Эстике бросила пронзительный взгляд на Корлати, но к ее гневу примешалось теперь уже нечто похожее на ироническую благосклонность.

– Вот причина, смотрите!

– Ну, ничего, ничего. Надо только как можно скорее достать экипаж – в таком виде вы не можете идти. Петер, прошу тебя, будь столь любезен, найди извозчика, а мы тем временем выйдем на дорогу.

Эстике рассказала об аварии, в которую они попали, рассказала, как чуть не перевернулась лодка, так что еще немного, и они неизбежно упали бы в воду, не скрыла и того, что в испуге бросилась на шею Корлати.

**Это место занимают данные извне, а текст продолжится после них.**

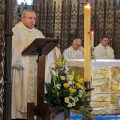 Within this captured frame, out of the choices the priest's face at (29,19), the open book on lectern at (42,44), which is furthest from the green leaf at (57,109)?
the priest's face at (29,19)

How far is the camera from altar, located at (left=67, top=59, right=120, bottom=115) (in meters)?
6.55

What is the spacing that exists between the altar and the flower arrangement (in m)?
2.51

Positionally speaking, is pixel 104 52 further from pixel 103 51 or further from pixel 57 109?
pixel 57 109

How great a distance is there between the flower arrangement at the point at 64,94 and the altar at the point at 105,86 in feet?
8.22

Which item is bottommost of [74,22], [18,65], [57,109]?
[57,109]

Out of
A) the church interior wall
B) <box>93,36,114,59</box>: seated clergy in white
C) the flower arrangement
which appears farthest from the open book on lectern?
the church interior wall

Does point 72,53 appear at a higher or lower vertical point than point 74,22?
lower

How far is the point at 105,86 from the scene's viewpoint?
6633mm

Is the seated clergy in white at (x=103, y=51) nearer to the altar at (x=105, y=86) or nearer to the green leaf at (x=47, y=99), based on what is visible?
the altar at (x=105, y=86)

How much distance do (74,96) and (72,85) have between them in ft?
0.41

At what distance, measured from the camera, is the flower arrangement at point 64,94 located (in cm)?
387

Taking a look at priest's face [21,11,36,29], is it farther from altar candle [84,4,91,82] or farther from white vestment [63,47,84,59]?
white vestment [63,47,84,59]

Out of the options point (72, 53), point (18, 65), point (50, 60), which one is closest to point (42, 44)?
point (18, 65)

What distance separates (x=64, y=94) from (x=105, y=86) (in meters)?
2.85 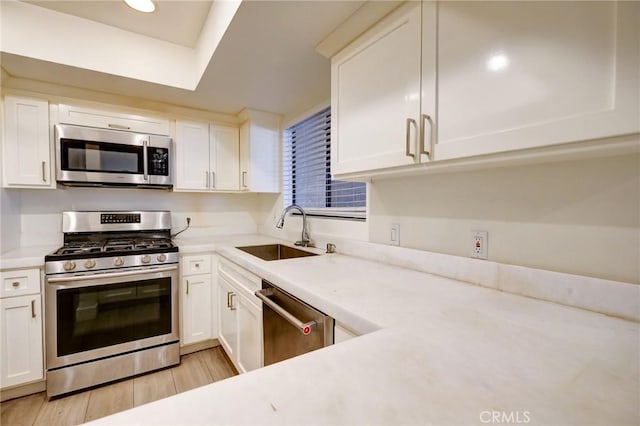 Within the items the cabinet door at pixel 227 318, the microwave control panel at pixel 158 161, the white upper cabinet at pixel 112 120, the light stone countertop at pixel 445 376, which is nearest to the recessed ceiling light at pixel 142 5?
the white upper cabinet at pixel 112 120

– Это все пустяки, – успокаивал ее Пишта, – могло бы кончиться хуже. По крайней мере, у вас теперь будет некоторое представление о кораблекрушениях. Мне жалко только, что на тот свет, к ангелам, вы собирались отправиться на шее у Петера.

Эта шутка рассмешила Эстике.

– Что ж, если в тот момент не представлялось другой возможности.

Подъехал извозчик, но без Петера.

– Где же господин, который вас послал? – спросил Алторьяи.

– Он сел на другую коляску и поехал к городу.

– Даже не попрощался! Странно!

– Обиделся, – высказала предположение Эстике. – Наверное, на меня обиделся.

– Что вы ему сделали?

– Я, рассердившись, назвала его безруким дурнем.

– Он действительно дурень, если мог на это рассердиться. И все-таки я жалею о происшедшем. Следовало бы как-то задобрить его.

– Но как?

– Это должна придумать ваша изобретательная головка, – а уж она-то что-нибудь да придумает. Пусть дядя Дани пригласит его завтра к обеду.

Так и было сделано. Дядя Дани (то есть депутат и доверенное лицо Даниель Сабо, опекун Эстике) на другой же день поймал Корлати в коридоре парламента.

– Я слышал, ты рассердился на мою подопечную. Она хочет помириться с тобой. Поручила мне привезти тебя к обеду. Nota bene [Заметь (лат.)] – сегодня она готовит сама.

– Раз так, надо попробовать, какая из нее выйдет хозяйка. Случай так все подстроил, что Алторьяи не мог прибыть на

обед. Причина на этот раз была самая святая: его избиратели.

– Сегодня я выполняю функции носильщика, дядя Дани. Прошу, замолви за меня словечко перед Эстике.

Да, действительно некстати приехали эти избиратели. Эстике показала себя во всем блеске, обед получился на славу: суп из устриц, в котором плавали кусочки грибов, говяжьи биточки с соусом из шкварок, щука с хреном, паштет из печени молодого поросенка, рулет с маком. Подобные лакомства поглощали когда-то боги на Олимпе. Разумеется, не обошлось и без нектара – доброго эгерского и вишонтайского вина. Старый Янош прилежно наполнял бокалы.

После обеда Эстике принесла ящичек с сигаретами и, предложив прикурить сначала Корлати, сама кокетливо закурила от его огонька.

– Итак, выкурим трубку мира.

К ее язычку то и дело приставали табачные крошки, дым щекотал ей ноздри, она чихала и гримасничала самым уморительным образом. Словом, она действительно была очень мила.

– Право, бросьте сигарету.

– Нет, я непременно хочу ее выкурить ради вас. Стрекозиные глаза дяди Дани становились все уже, он зевал

и жаловался на то, что в парламенте на него нагнали сон выступающие ораторы. Наконец большая голова его совсем опустилась на стол, и Петер остался с Эстер наедине, так как мадам, заслышав грохот тарелок на кухне, выбежала наводить порядок.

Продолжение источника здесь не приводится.